BEGIN Dataset records
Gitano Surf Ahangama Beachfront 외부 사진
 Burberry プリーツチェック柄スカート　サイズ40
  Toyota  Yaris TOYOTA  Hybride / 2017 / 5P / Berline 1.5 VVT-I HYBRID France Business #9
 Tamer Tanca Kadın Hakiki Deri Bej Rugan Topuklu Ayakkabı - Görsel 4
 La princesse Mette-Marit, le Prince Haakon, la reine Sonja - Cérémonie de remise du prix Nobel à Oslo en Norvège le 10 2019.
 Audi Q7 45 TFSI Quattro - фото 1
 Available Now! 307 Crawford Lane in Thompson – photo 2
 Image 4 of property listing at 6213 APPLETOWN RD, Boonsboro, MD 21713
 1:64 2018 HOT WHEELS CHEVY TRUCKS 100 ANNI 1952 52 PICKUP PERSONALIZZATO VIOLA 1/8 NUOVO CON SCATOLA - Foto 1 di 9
END Dataset records
Prompt: Which lines above run from the one containing "Burberry プリーツチェック柄スカート　サイズ40" to the one containing "Tamer Tanca Kadın"? Give them again exactly, both ends included.

Solution for this problem:
 Burberry プリーツチェック柄スカート　サイズ40
  Toyota  Yaris TOYOTA  Hybride / 2017 / 5P / Berline 1.5 VVT-I HYBRID France Business #9
 Tamer Tanca Kadın Hakiki Deri Bej Rugan Topuklu Ayakkabı - Görsel 4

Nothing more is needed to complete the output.